In its conclusions of law, the court found that Henry S. Miller Company had violated the Deceptive Trade Practices Act, in that it had: (a) caused confusion or misunderstanding as to the source, sponsorship, approval, or certification of its services; (b) caused confusion or misunderstanding as to its affiliation, connection, or association with John C. Riddle and John Riddle Interests; (c) represented that goods and services of the shopping center had sponsorship, approval, characteristics, uses, benefits, or qualities that they did not have; (d) represented that goods and services of the shopping center were of particular standard, quality, or grade when they were of a lesser standard, quality, or grade; and (e) represented that the lease agreement conferred rights, remedies, and obligations it did not have.
The court further concluded that it was unnecessary for the plaintiff to send prior written notice to the defendants, if such was not done, because of the possibility of the statute of limitations barring the plaintiff's claim. The court found that John G. Riddle and John Riddle Interests violated the Deceptive Trade Practices Act for each of the same reasons as specified for Miller, and that they also breached express warranties in their lease and sales brochures, as well as implied warranties to provide the highest quality management at the Wood Winds Shopping Center.
On this appeal, Miller does not challenge any of the trial court’s findings of misrepresentations, which constitute violations of the Deceptive Trade Practices Act. Thus, we must consider those facts as having been established as a matter of law, and as establishing a basis of liability under the Deceptive Trade Practices Act. Miller contends only that there is no evidence or insufficient evidence to prove it had knowledge of the falsity of such representations.
In its first four points of error, Miller contends that the evidence is legally and factually insufficient to support the trial court’s award of damages in the amount of $60,426. Miller’s contention, in essence, is that the trial court’s damage award cannot be sustained because Bynum failed to offer any evidence showing that his claimed expenditures were reasonable and necessary.

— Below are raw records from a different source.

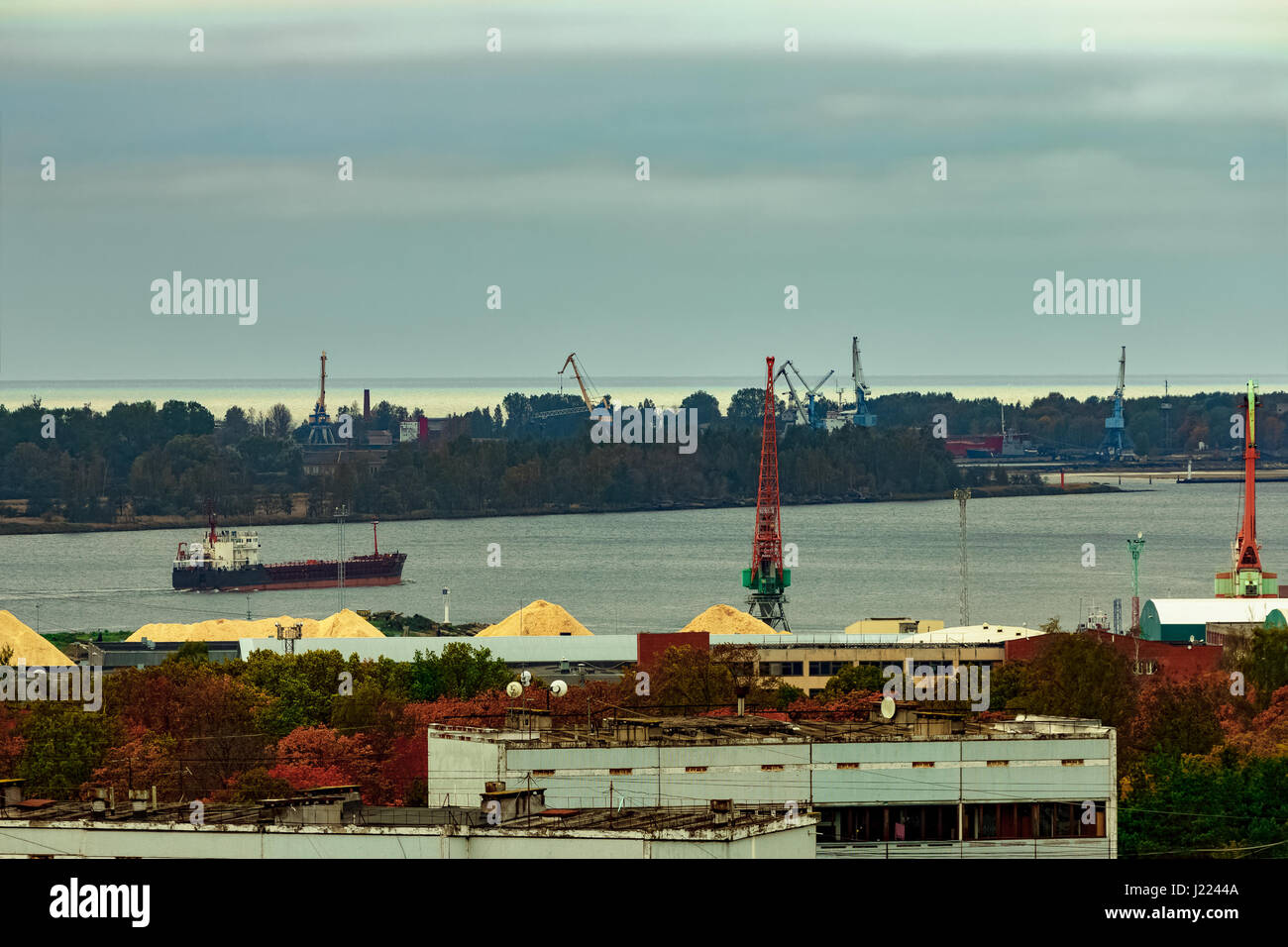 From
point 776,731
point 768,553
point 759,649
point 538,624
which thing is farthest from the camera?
point 768,553

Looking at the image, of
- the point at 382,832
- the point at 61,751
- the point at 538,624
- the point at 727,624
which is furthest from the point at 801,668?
the point at 382,832

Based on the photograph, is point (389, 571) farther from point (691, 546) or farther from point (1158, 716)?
point (1158, 716)

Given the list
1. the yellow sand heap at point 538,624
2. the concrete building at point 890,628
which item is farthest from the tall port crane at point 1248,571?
the yellow sand heap at point 538,624

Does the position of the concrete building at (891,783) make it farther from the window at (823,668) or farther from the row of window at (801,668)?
the window at (823,668)

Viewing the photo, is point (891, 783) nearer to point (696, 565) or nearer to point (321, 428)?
point (696, 565)

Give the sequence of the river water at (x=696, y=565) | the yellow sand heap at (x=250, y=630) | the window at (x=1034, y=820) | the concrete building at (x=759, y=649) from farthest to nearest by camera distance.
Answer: the river water at (x=696, y=565) < the yellow sand heap at (x=250, y=630) < the concrete building at (x=759, y=649) < the window at (x=1034, y=820)

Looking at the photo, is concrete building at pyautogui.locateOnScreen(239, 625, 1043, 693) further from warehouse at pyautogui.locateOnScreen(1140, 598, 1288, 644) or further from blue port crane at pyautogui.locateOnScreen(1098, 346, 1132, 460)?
blue port crane at pyautogui.locateOnScreen(1098, 346, 1132, 460) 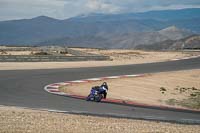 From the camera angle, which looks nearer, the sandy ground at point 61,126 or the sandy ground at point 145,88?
the sandy ground at point 61,126

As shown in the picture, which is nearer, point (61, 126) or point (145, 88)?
point (61, 126)

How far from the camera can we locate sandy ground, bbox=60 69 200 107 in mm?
21734

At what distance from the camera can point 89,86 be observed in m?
24.4

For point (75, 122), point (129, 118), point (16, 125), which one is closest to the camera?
point (16, 125)

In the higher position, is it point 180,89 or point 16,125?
point 180,89

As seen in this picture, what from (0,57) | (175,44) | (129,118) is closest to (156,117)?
(129,118)

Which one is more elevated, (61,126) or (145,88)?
(145,88)

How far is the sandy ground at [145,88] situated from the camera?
21734 mm

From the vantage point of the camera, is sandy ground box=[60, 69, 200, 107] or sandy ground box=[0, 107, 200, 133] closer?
sandy ground box=[0, 107, 200, 133]

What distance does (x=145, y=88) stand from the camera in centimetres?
2542

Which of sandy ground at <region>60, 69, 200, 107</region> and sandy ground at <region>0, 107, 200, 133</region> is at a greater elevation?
sandy ground at <region>60, 69, 200, 107</region>

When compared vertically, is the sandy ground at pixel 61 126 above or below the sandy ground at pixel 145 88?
below

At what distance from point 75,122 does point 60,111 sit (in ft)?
11.4

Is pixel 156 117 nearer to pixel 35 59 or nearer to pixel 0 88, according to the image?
pixel 0 88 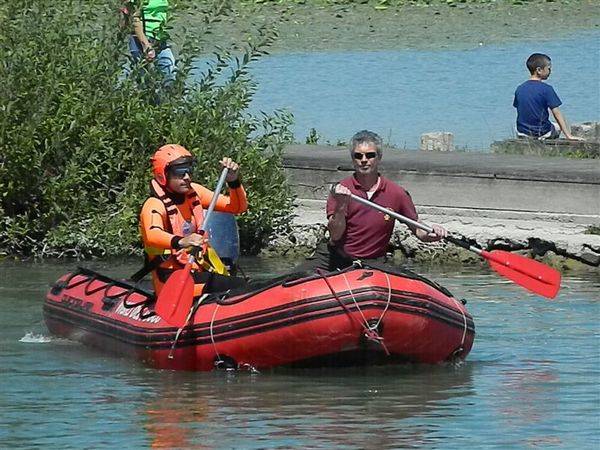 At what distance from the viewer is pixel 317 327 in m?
10.3

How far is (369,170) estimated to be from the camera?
1076cm

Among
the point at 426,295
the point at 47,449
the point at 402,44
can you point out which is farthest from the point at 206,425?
the point at 402,44

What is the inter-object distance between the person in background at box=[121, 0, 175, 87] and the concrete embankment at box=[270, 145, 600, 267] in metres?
1.38

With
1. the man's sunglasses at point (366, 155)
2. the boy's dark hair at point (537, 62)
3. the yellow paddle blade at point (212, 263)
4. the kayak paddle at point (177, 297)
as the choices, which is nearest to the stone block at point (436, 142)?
the boy's dark hair at point (537, 62)

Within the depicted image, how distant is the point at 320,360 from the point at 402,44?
23.7 metres

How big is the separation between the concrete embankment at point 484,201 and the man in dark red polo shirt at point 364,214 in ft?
11.1

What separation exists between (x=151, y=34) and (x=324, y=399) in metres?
5.73

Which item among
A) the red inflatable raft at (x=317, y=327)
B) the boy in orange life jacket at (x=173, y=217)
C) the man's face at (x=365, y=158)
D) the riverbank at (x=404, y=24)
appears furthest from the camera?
the riverbank at (x=404, y=24)

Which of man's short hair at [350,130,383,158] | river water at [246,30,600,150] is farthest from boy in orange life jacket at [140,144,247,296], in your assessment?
river water at [246,30,600,150]

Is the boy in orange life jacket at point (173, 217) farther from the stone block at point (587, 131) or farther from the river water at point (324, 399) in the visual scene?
the stone block at point (587, 131)

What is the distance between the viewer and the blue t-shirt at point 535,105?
55.6 ft

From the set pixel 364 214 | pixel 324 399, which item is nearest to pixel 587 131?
pixel 364 214

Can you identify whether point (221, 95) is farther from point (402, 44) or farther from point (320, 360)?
point (402, 44)

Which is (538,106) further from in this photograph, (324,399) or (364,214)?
(324,399) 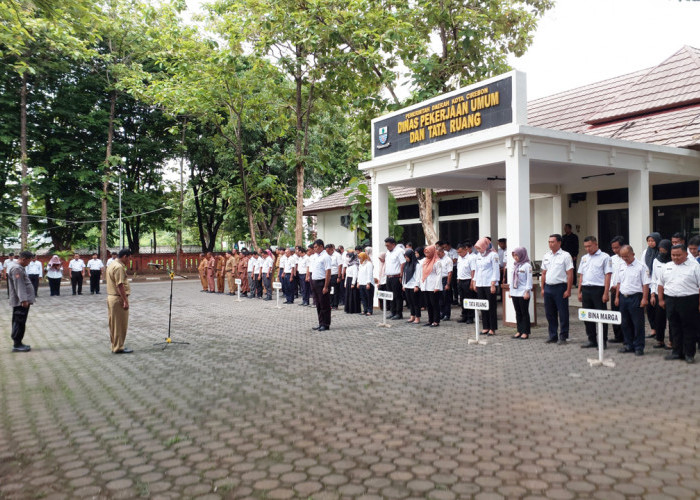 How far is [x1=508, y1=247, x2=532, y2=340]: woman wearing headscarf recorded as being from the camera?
32.5 feet

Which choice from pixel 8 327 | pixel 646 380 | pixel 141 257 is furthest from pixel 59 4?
pixel 141 257

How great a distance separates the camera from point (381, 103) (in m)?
19.1

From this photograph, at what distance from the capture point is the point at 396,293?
1321cm

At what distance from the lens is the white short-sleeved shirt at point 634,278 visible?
8250 millimetres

*54Under the Deceptive Trade Practices Act, an aggrieved consumer is entitled to an award of “actual damages.” Tex. Bus. & Com.Code Ann. sec. 17.50(b)(1) (Vernon 1987). The term “actual damages” has been defined as those damages recoverable at common law. W.O. Bankston Nissan, Inc. v. Walters, 754 S.W.2d 127, 128 (Tex.1988). In a Deceptive Trade Practices action, damages are awarded to compensate the consumer for the “actual loss” sustained as a result of the defendant’s conduct. Kish v. Van Note, 692 S.W.2d 463, 466 (Tex.1985). Damages in such a case will usually be measured either by the “benefit of the bargain” theory, i.e., the difference between the value represented and any value actually received, or the “out-of-pocket” theory, i.e., the difference between the value lost and any value received. Bankston, 754 S.W.2d at 128. But, as the concurring opinion in Bankston explains, these remedies are not exclusive, and a court may adopt a measure that is the most appropriate for the particular case. Id.; Birchfield v. Texarkana Memorial Hosp., 747 S.W.2d 361, 367 (Tex.1987); see also Tex.R.Civ.P. 301.
Under the express terms of his lease, Bynum was required to pay rentals of $17,-280 per year, or a total of $34,560 for the first two years of his five-year lease. He testified that in order to meet the requirements of his lease and to open his beauty salon, he was required to make expenditures totaling $64,676, of which amount he was reimbursed $8,622 by Miller. Bynum offered a chart showing his gross receipts during the first 21 months of his operation. He said the beauty shop made a profit for a couple of months, but that these profits ceased because of business disruptions. He finally sold his business for $23,000. Bynum testified, without objection, that after he subtracted the $23,000 sales price from the amount of his total capital investment, his net capital loss, after depreciation, was $60,426. Bynum explained that his net capital loss represented the amount he had been required to put into the lease venture, less the amount he had received from the venture. Miller did not controvert this testimony.
When a consumer makes a purchase in reliance upon misrepresentations actionable under the Deceptive Trade Practices Act, the actual damages recoverable under the Act are to be determined by the “total loss” sustained by the consumer as a result of the deceptive trade practice. Gibbs v. Main Bank of Houston, 666 S.W.2d 554, 560 (Tex.App.— Houston [1st Dist.] 1984, no writ). The consumer’s “total loss” may be established by showing the total amount of the consumer’s payments, less any profits or other benefits remaining in the consumer’s hands. Id.; see also Woo v. Great Southern Acceptance Corp., 565 S.W.2d 290 (Tex.Civ.App.—Waco 1978, writ ref’d n.r.e.). The consumer’s net economic loss is a proper measure of compensation under the Deceptive Trade Practices Act. See Sam Montgomery Oldsmobile Co. v. Johnson, 624 S.W.2d 237 (Tex.App.—Houston [1st Dist.] 1981, no writ).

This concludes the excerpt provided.